# Bearded Dragon



## drkwing (Aug 9, 2004)

A buddy of mine is thinking of getting a bearded dragon so I thought I would see if you guys have any advice that may help. He will be using a 38g reptrarium on its side, sand substrate, heat lamp, night lamp water dish and probably some sort of wood or rock decor for climbing. Any comments or advice would be much appreciated, thanks!


----------



## Drunkenblade (Aug 15, 2004)

I attended This years Western Veterinary Conference in Las Vegas.....

At Roger J. Klingenberg DVM's lecture he made it a point to mention that Bearded Dragons are a Vertical lizards, not Horizontal lizards.:nod: They tend to only be seen on the ground in the wild escaping threats or picking off insects....

He also stated...
"Husbandry requirements 
Bearded dragons originate from the red desert areas of Australia and the most important requirement is the provision of heat.
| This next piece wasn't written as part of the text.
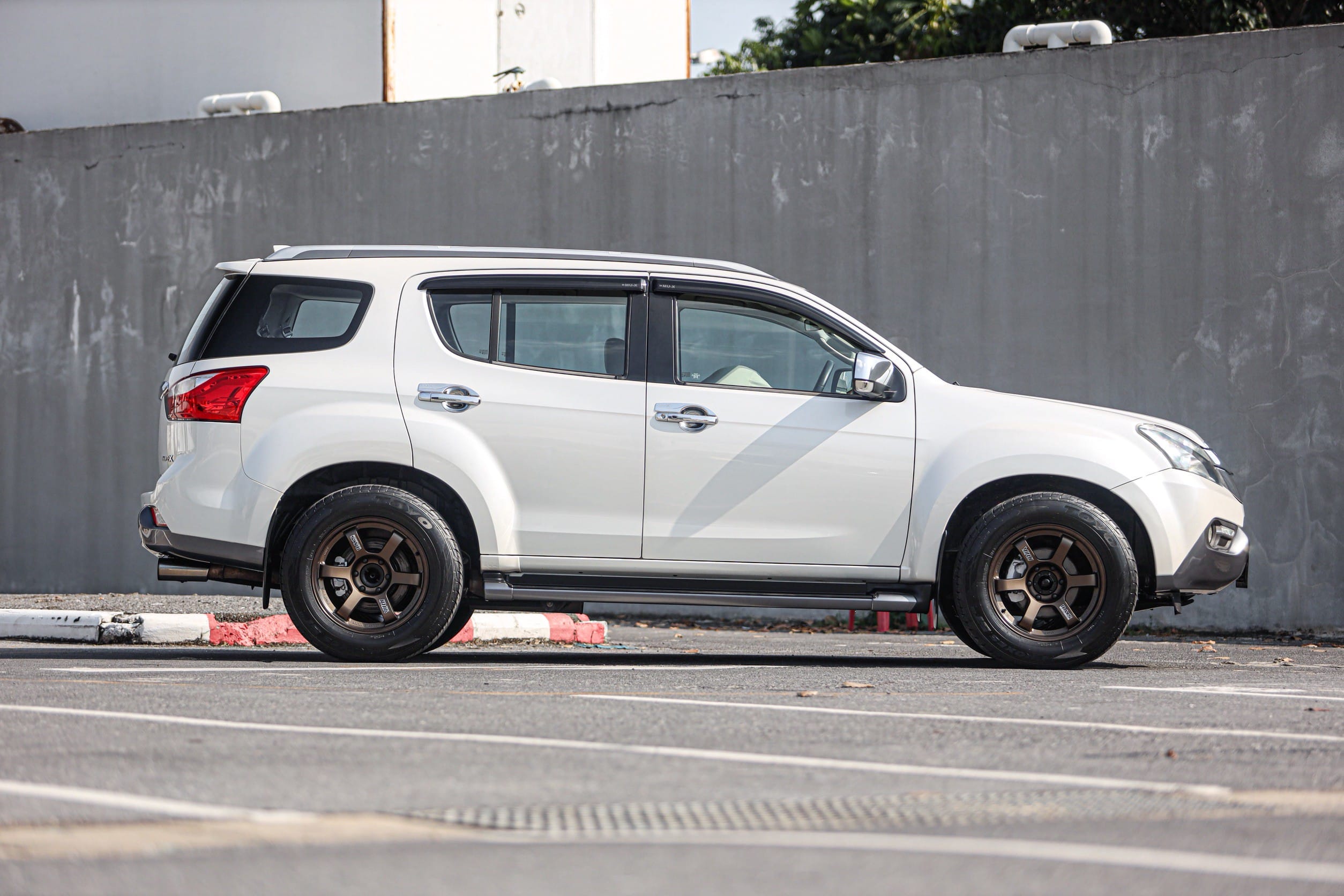 Isuzu Mu-x 2.5 MT PF-รถบ้านมือสอง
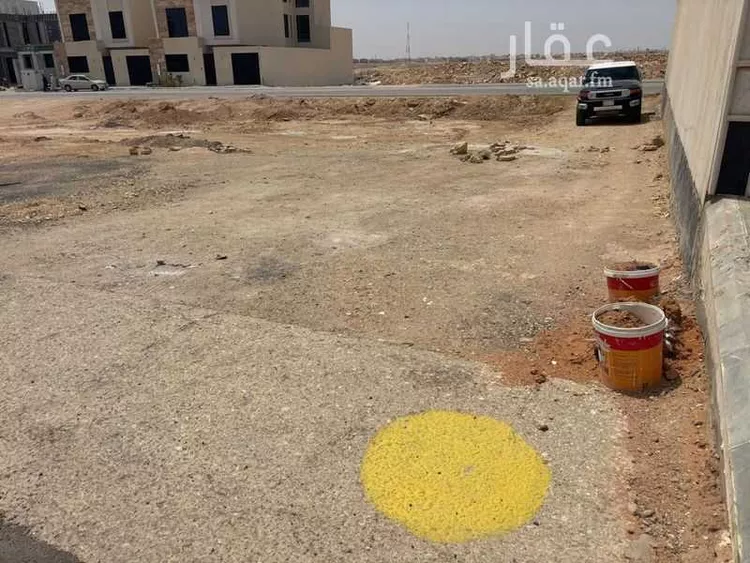 أرض للبيع في شارع محمد بن عبدالعزيز بن هيزع, حي المهدية, مدينة الرياض, منطقة الرياض 7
A typical set-up consists of 20-30 gallon enclosure with a screen lid that will accommodate a heat lamp and UV light fixture (vitamin D3 production is dependent on UV exposure). An under-tank heating pad is also useful for night-time basking. Substrates that have worked best include alfalfa pellets, newspaper, or fine soil or sand. Water is best provided in a ceramic dish that cannot be easily tipped and spilled. Food consists of insects such as crickets, wax worms, and super mealworms, and can comprise 50% of the diet. The other 50% should consist of a variety of good quality vegetables. Young dragons are primarily insectivores, but switch to a predominantly vegetarian diet as adults." (Klingenberg, WVC2004,Lecture Notes)

I personally used Crushed walnut shell for substrate.... and Most of my B/D's Loved Mangos, as a treat!


----------



## Death in #'s (Apr 29, 2003)

:nod: crushed wallnut shells is the best imo 
but everything sounds good so far
and add a cave


----------



## AL CAPONE (Jul 29, 2004)

Drunkenblade said:


> I attended This years Western Veterinary Conference in Las Vegas.....
> 
> At Roger J. Klingenberg DVM's lecture he made it a point to mention that Bearded Dragons are a Vertical lizards, not Horizontal lizards.:nod: They tend to only be seen on the ground in the wild escaping threats or picking off insects....
> 
> ...


 thats untrue my beardie loves scaling large trees and basks and sand works better it looks more natral to their natral habitiat


----------